Я ответил, что нет, к сожалению, не приходилось.
— Может быть, какие-нибудь другие книги Андрея Белого вы читали?
Нет, и других книг этого писателя я тогда, конечно, не читал.
Это, наверно, легко сошло бы мне с рук, если бы я ограничился этим кратким ответом. Но чёрт меня дернул, признавшись, что нет, не читал, сверх того еще и брякнуть:
— Он ведь не входит в программу.
И тут Фогт не выдержал. Лицо его болезненно сморщилось, и он сказал:
— В программу!.. Не входит в программу!.. Боже мой!.. И это говорит человек, желающий стать писателем!
Ни на одного из свидетелей этого моего позора презрительная реплика профессора, как будто, особого впечатления не произвела. Но на меня она подействовала прямо-таки ошеломляюще. Мне вдруг стало очень стыдно. И я твердо решил в тот момент, что никогда больше не буду, получая причитающиеся мне знания, строго дозировать их тем, что входит, а что не входит в программу. Отныне я всегда стремился урвать что-нибудь и «сверх программы». И, кажется, ни разу об этом не пожалел.
Кроме, разве, одного случая.
Дело шло к госэкзаменам, которых все мы очень боялись. Прорех в моем образовании было множество. Но больше всего я боялся экзамена по марксизму-ленинизму. С истматом и диаматом я еще как-то рассчитывал справиться. Но вопроса по истории партии я страшился пуще огня. Запомнить все партийные съезды, да что там на каком съезде решалось представлялось мне просто немыслимым. (Очевидно, из-за полного отсутствия интереса ко всем этим делам. Интерес этот у меня потом прорезался. Но гораздо позже, когда мною вдруг овладело желание узнать, как всё это происходило на самом деле.)
Итак, трепеща перед экзаменом по марксизму и желая подготовиться к этому суровому испытанию как можно лучше, я раздобыл где-то лекции для Высшей партийной школы и вызубрил их, как попка, от корки до корки.
На экзамене мне достался вопрос о коллективизации. Я отвечал гладко, и члены государственной комиссии, слушая меня, улыбались и благосклонно кивали. И вдруг из меня выскочило:
— В целях активизации участия крестьянской бедноты в процессе ликвидации кулачества как класса было спущено постановление, согласно которому трудящийся крестьянин, разоблачивший затаившегося кулака, получал двадцать пять процентов конфискуемого у него имущества…

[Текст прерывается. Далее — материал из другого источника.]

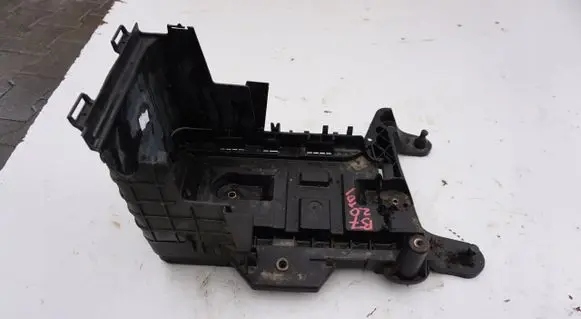Battery box tray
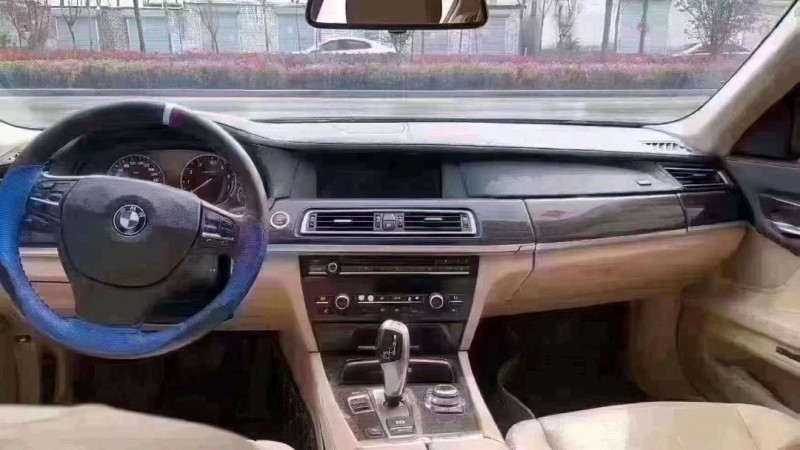 北京11年宝马7系6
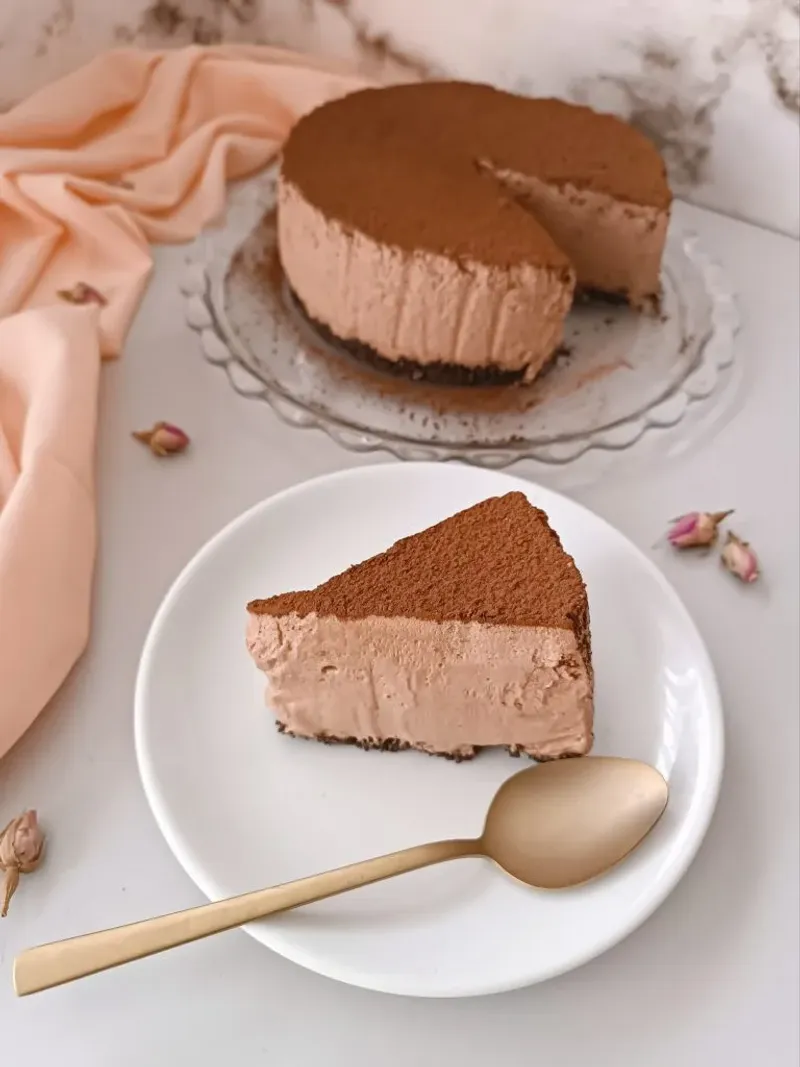 Chocolate Mousse Cake (No Bake)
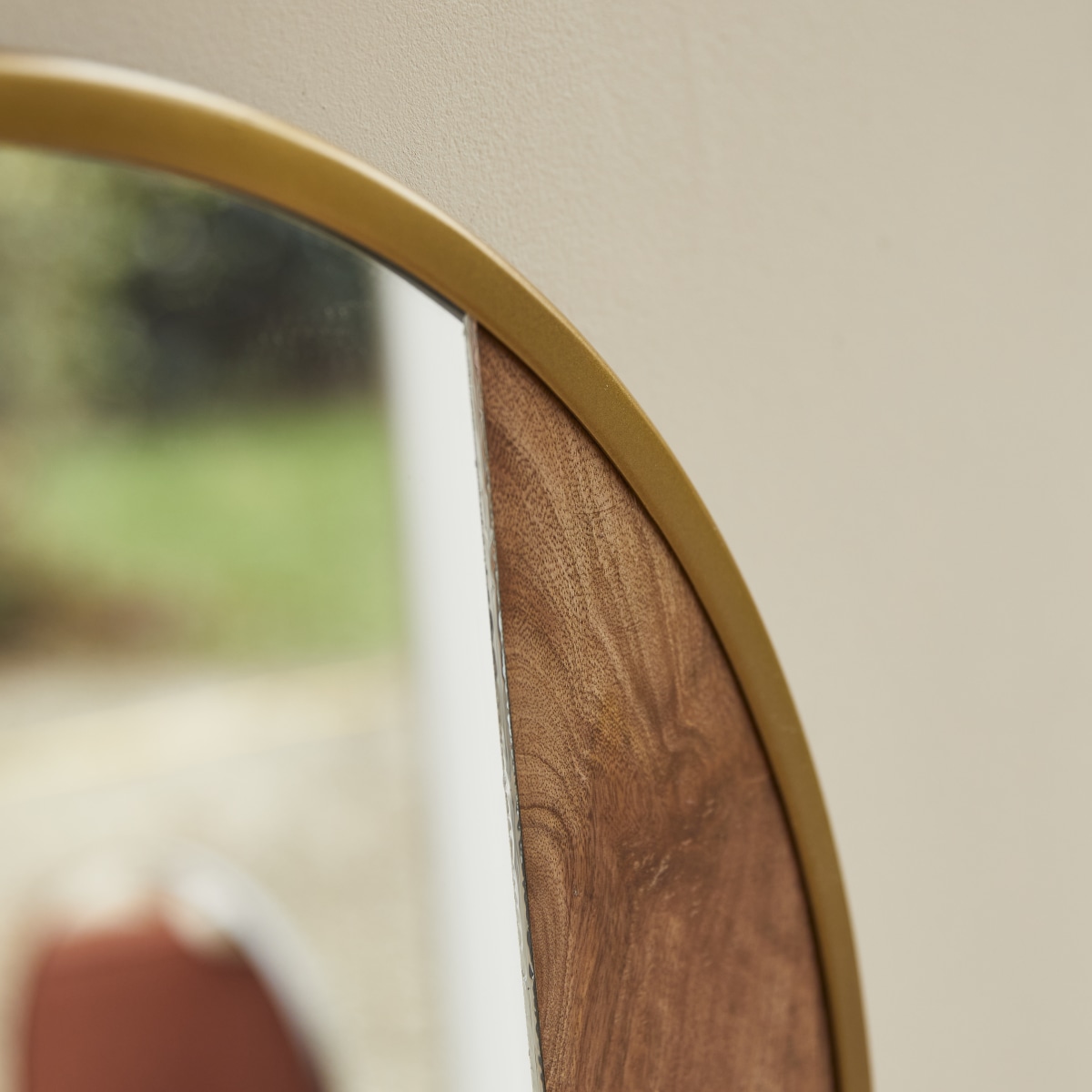 Metal and wood mirror 60 cm - Living room / Mirrors - Tikamoon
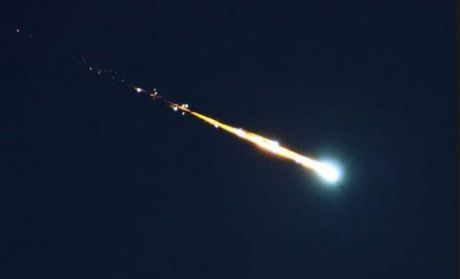 WATCH: Burning object crashes near Gladstone, lights up sky | The 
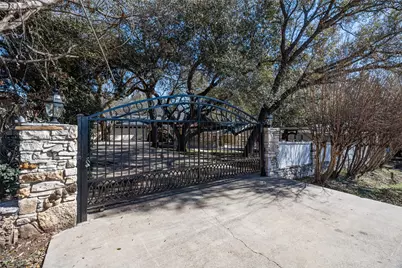 3625 Montego Boulevard, Granbury, TX 76049 - Photo 5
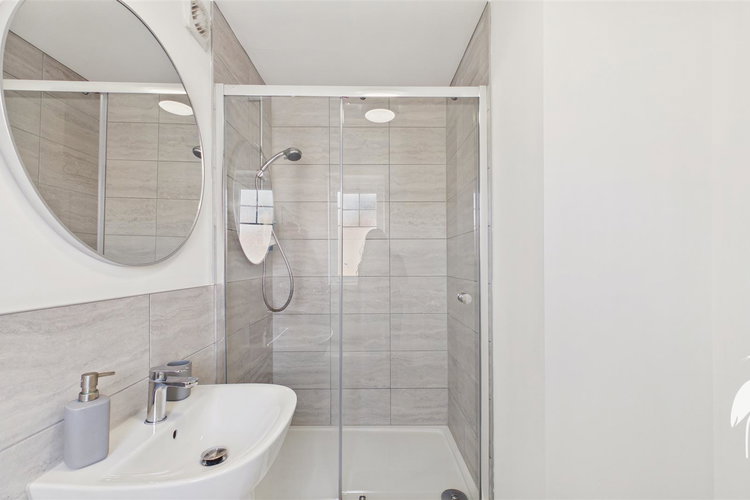 En Suite Shower Room - Picture 21 of 41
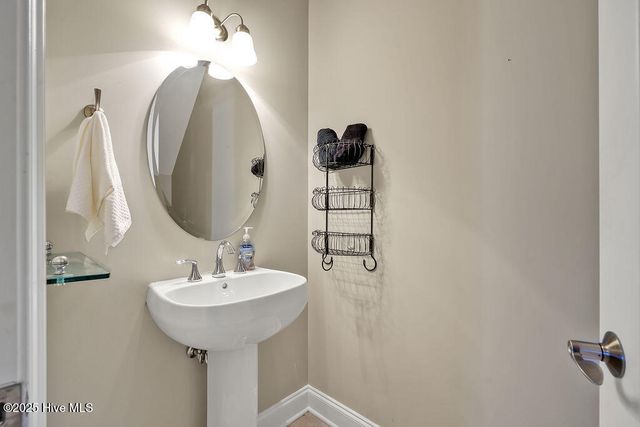 886 Hollybriar Drive, Bolivia, NC 28422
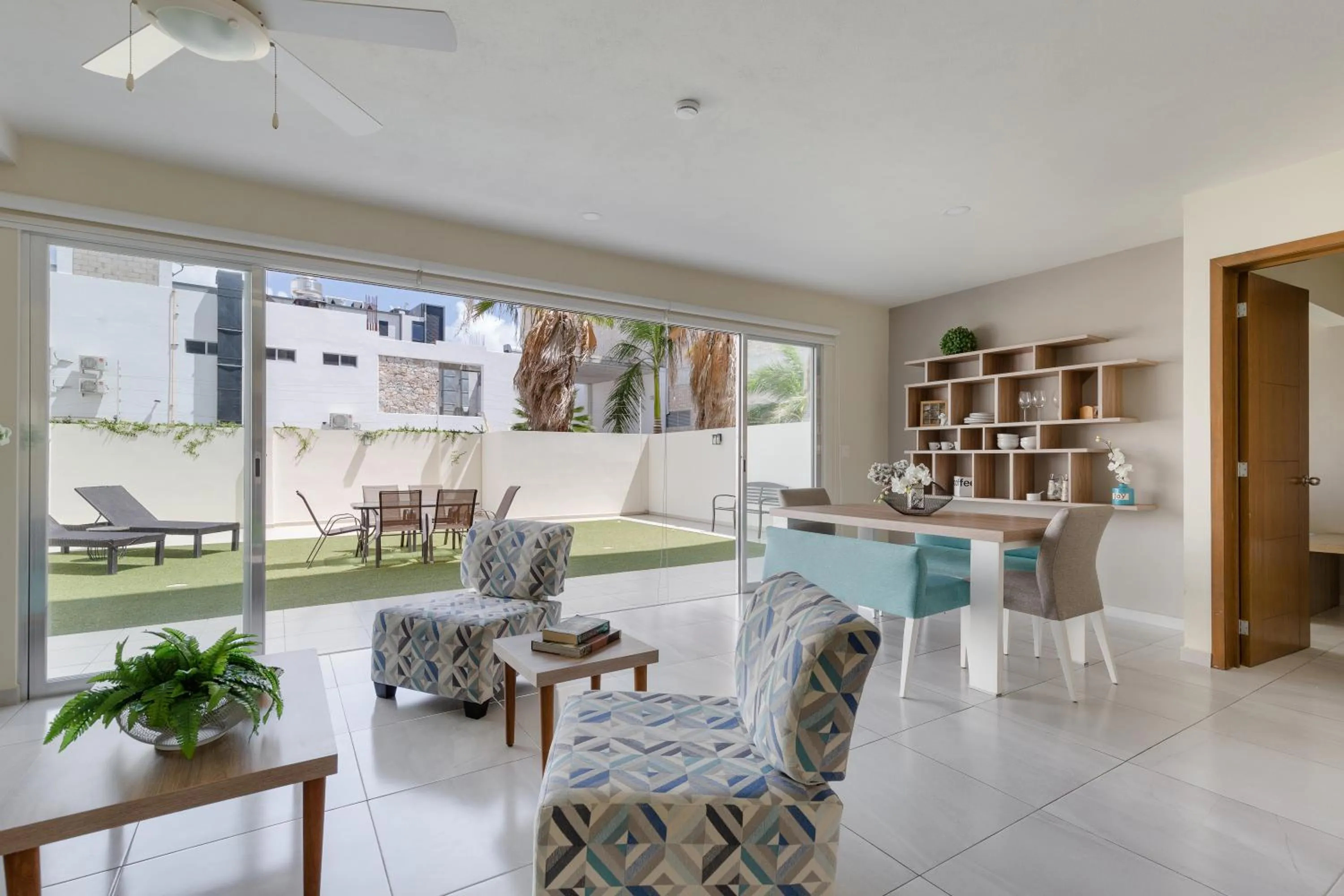 Balcony/Terrace in Deluxe fully furnished 2bd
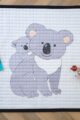 XL Spieldecke Krabbeldecke mit Koala & Anti Rutsch Boden für Babys & Kinder als Geschenkidee mit Aufbewahrungstasche von Love by Lily - Detailansicht Koala Spielmatte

В рядах членов государственной комиссии прошло какое-то шевеление. Председатель жестом остановил мою речь и спросил:
— Откуда вам это известно?
— Что? — не понял я.
— А вот про эти двадцать пять процентов?
— Я прочел об этом, — гордясь собою, сообщил я, — в лекциях Емельяна Ярославского для Высшей партийной школы.
Члены комиссии опять как-то странно между собою зашептались.
— А зачем вам понадобилось читать эти лекции? — спросил председатель.
— Как зачем? — удивился я. — Мне хотелось получше подготовиться.